──────── Records supplied
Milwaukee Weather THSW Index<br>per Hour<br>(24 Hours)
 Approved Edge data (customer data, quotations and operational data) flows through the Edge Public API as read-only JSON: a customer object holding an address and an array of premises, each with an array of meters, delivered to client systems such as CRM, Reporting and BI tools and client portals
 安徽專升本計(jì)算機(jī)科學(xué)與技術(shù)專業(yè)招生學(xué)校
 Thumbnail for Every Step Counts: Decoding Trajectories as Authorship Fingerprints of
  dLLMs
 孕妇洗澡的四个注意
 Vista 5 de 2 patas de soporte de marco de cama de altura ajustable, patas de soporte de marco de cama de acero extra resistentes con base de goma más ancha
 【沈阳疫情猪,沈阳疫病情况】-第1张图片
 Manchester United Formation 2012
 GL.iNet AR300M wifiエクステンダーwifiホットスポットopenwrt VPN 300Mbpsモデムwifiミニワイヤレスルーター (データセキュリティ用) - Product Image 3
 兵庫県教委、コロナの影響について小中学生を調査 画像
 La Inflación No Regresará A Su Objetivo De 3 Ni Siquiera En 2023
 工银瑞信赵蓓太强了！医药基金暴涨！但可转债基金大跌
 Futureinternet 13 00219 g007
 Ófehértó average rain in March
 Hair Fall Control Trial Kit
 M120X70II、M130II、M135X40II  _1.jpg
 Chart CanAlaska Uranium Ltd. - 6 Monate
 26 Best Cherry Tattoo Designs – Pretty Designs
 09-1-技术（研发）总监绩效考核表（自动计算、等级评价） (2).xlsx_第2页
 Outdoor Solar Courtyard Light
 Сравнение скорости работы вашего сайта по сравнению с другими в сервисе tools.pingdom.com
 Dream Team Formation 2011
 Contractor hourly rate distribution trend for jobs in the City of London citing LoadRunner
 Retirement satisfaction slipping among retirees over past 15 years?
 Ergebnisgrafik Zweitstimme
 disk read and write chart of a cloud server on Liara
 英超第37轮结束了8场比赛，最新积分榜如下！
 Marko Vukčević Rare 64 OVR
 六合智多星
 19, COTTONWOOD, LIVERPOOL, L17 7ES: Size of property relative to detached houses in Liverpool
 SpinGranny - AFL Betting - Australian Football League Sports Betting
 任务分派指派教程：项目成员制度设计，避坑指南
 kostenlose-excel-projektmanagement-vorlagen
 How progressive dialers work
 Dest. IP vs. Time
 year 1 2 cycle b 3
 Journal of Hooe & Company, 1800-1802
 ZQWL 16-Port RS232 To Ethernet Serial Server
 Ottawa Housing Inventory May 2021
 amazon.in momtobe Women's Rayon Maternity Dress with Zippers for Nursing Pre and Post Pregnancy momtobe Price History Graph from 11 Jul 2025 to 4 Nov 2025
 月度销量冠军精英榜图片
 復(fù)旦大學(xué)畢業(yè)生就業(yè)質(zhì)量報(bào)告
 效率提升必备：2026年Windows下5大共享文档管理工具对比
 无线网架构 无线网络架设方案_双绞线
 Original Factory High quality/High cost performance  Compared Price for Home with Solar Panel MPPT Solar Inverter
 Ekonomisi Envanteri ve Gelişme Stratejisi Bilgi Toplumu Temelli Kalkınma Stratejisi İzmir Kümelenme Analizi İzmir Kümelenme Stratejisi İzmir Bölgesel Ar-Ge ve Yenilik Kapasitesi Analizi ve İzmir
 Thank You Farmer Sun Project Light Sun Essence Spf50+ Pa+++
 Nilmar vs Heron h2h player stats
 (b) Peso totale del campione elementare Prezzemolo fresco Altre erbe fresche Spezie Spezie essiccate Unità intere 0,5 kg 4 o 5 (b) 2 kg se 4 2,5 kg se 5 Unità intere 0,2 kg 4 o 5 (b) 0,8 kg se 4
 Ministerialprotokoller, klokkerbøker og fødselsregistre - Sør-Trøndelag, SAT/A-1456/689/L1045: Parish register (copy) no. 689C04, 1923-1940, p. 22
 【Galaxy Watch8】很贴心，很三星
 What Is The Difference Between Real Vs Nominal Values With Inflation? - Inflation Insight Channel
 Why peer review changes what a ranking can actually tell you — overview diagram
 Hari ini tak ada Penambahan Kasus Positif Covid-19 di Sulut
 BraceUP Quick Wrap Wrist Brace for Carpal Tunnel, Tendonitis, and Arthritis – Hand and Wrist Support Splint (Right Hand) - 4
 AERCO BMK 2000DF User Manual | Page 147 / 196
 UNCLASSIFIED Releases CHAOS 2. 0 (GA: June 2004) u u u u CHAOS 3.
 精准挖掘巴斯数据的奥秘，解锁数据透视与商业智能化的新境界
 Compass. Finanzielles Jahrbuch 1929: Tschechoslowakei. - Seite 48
────────────────
Work instruction
Set down, unchanged, only those lines above that fall between the line with "What Is The" and the line with "BraceUP Quick Wrap", the two end lines included.

Result for this exercise
 What Is The Difference Between Real Vs Nominal Values With Inflation? - Inflation Insight Channel
 Why peer review changes what a ranking can actually tell you — overview diagram
 Hari ini tak ada Penambahan Kasus Positif Covid-19 di Sulut
 BraceUP Quick Wrap Wrist Brace for Carpal Tunnel, Tendonitis, and Arthritis – Hand and Wrist Support Splint (Right Hand) - 4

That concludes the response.